- ASSIGNMENT: Each line in the material below, starting at the one that contains "Settlers set Palestinian" and ending at the one that contains "Exclusief wonen in", should be repeated exactly; the pictures should not.

- DATA SUPPLIED:
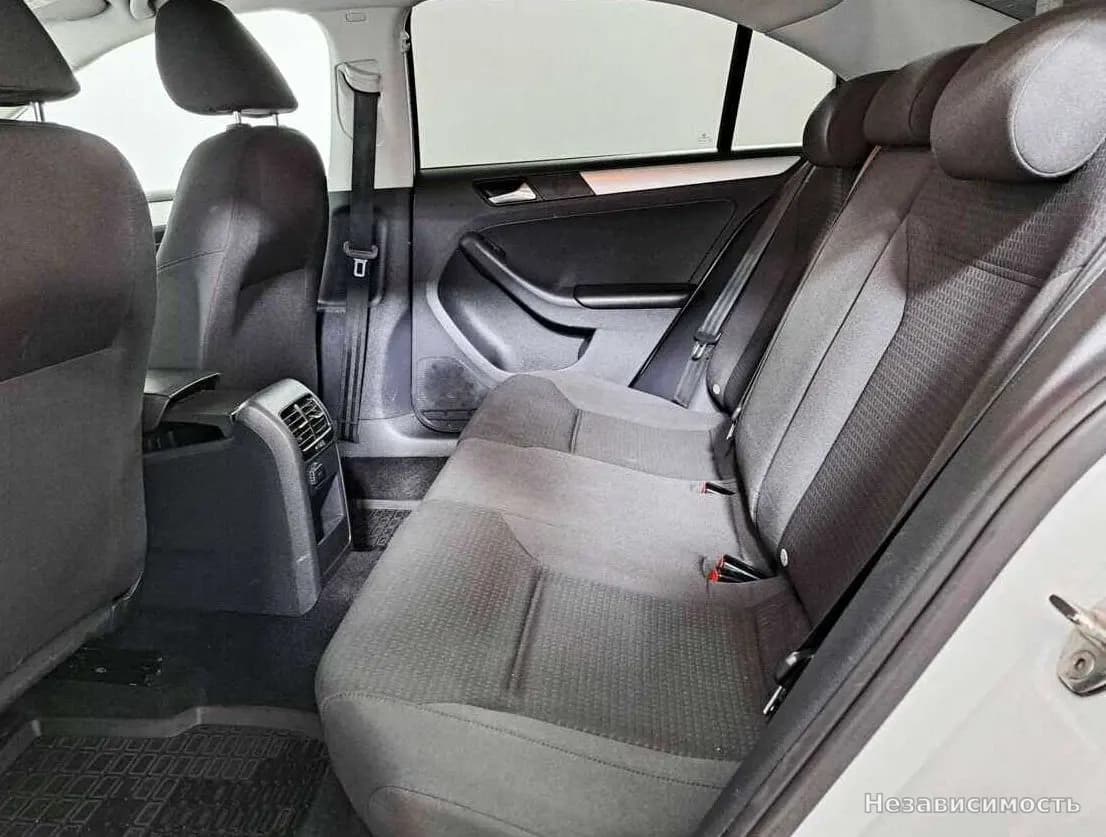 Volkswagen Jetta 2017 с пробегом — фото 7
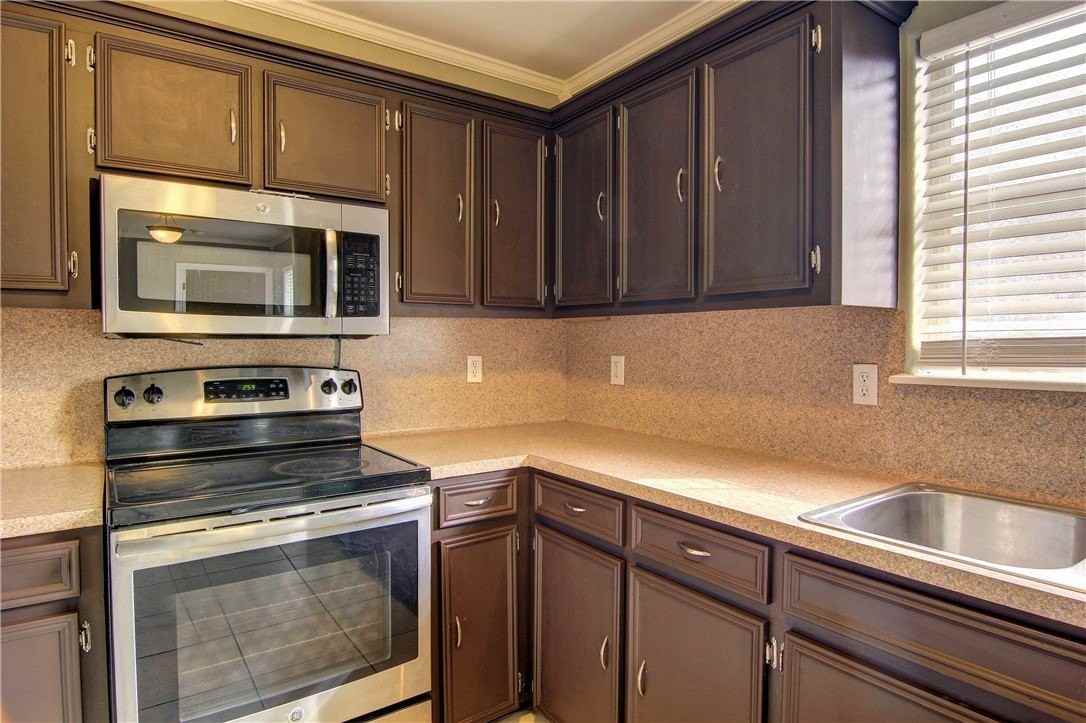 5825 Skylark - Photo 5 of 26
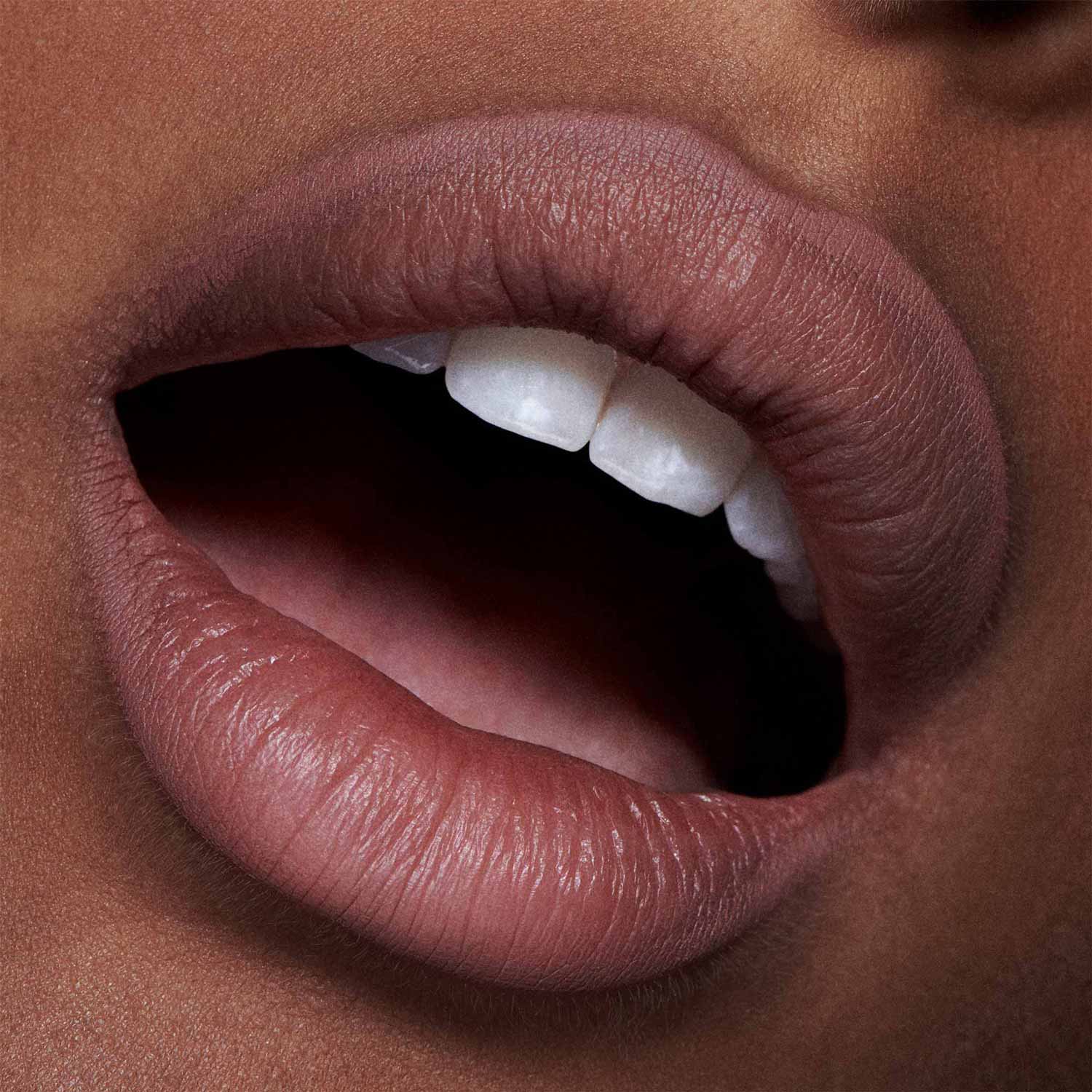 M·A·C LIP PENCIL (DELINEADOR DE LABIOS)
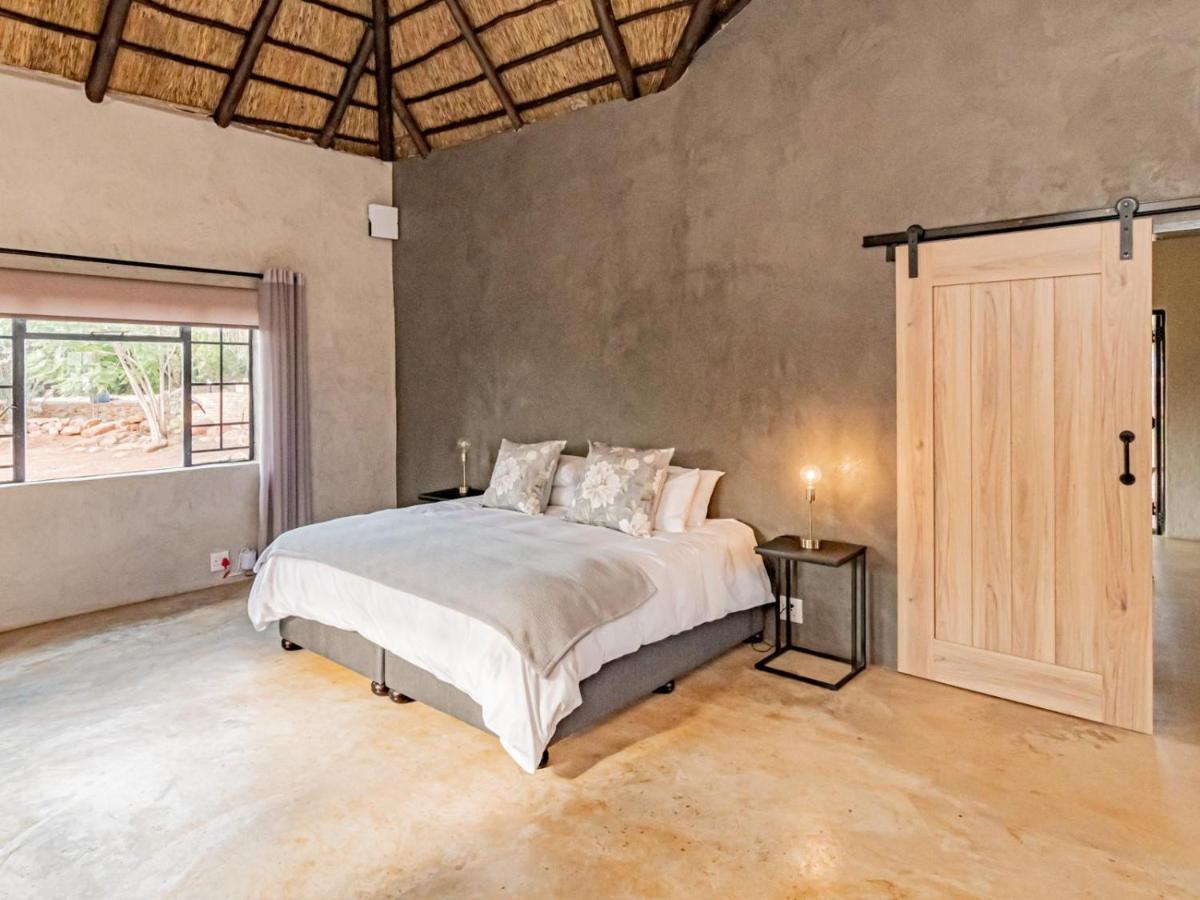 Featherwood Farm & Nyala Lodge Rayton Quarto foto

--

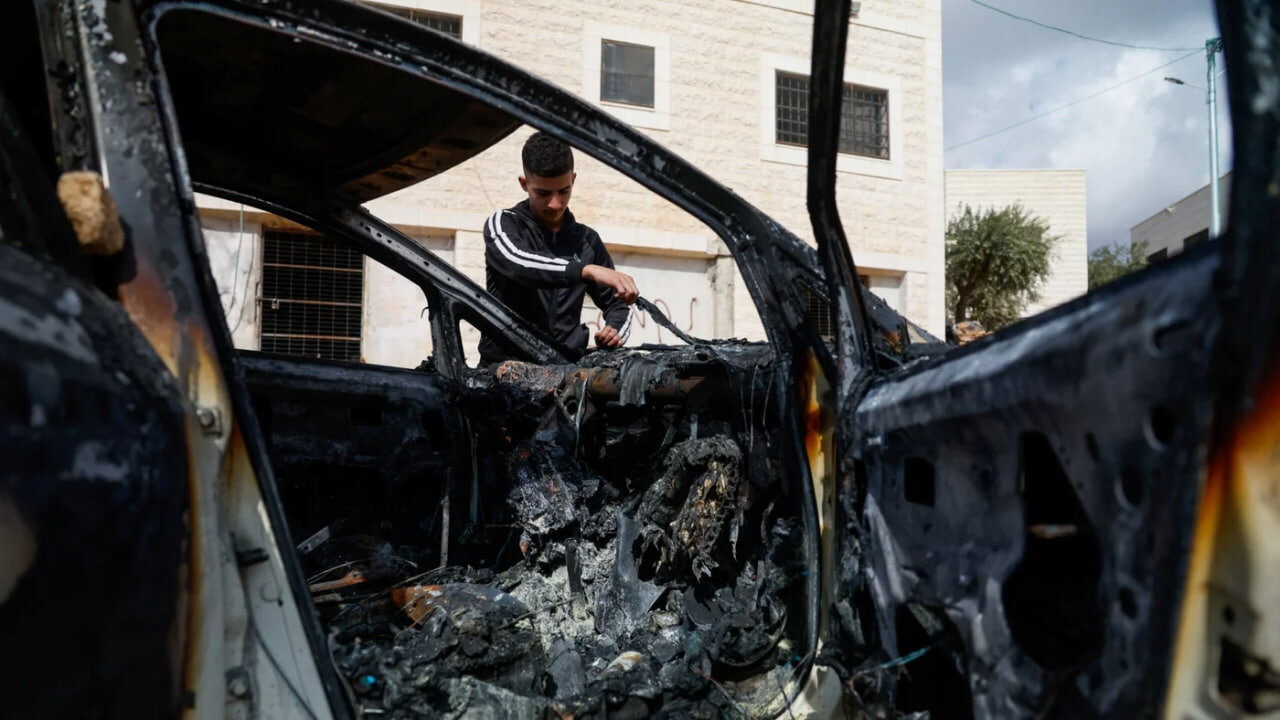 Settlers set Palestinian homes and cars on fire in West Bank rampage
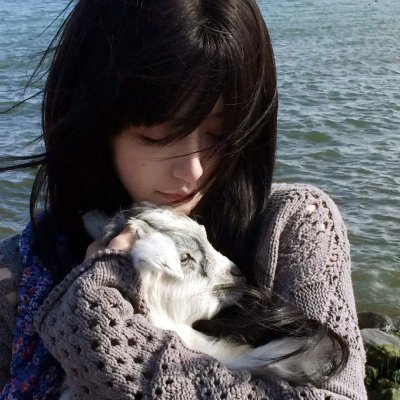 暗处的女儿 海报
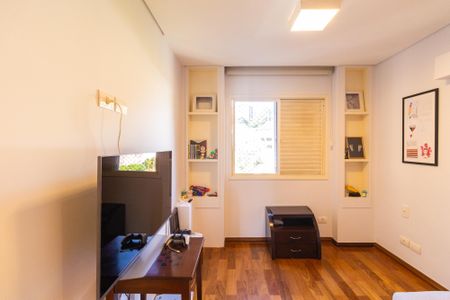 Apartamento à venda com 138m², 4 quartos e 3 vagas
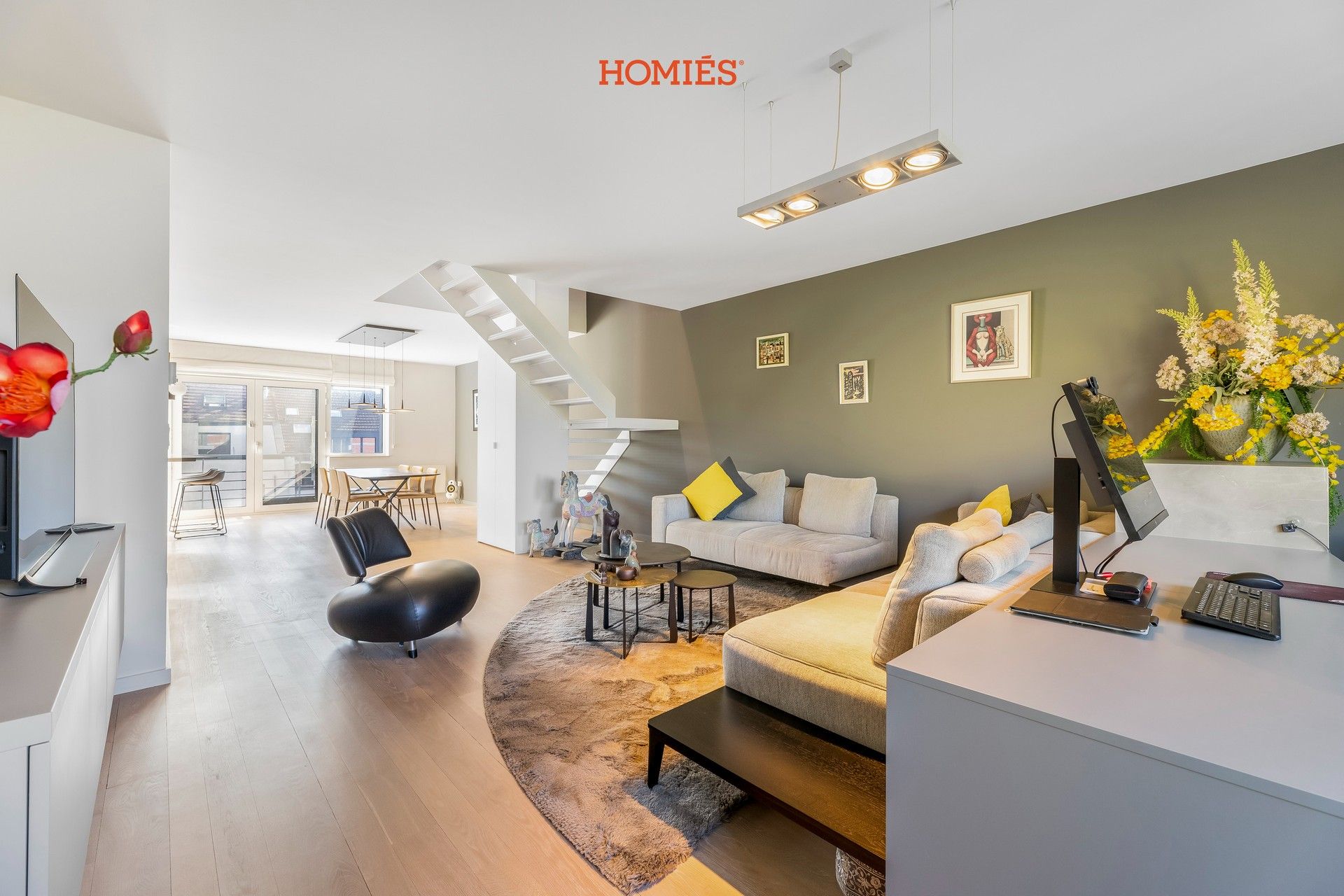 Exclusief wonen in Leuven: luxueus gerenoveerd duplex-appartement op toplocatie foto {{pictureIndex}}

- ANSWER TO THE EXERCISE:
 Settlers set Palestinian homes and cars on fire in West Bank rampage
 暗处的女儿 海报
 Apartamento à venda com 138m², 4 quartos e 3 vagas
 Exclusief wonen in Leuven: luxueus gerenoveerd duplex-appartement op toplocatie foto {{pictureIndex}}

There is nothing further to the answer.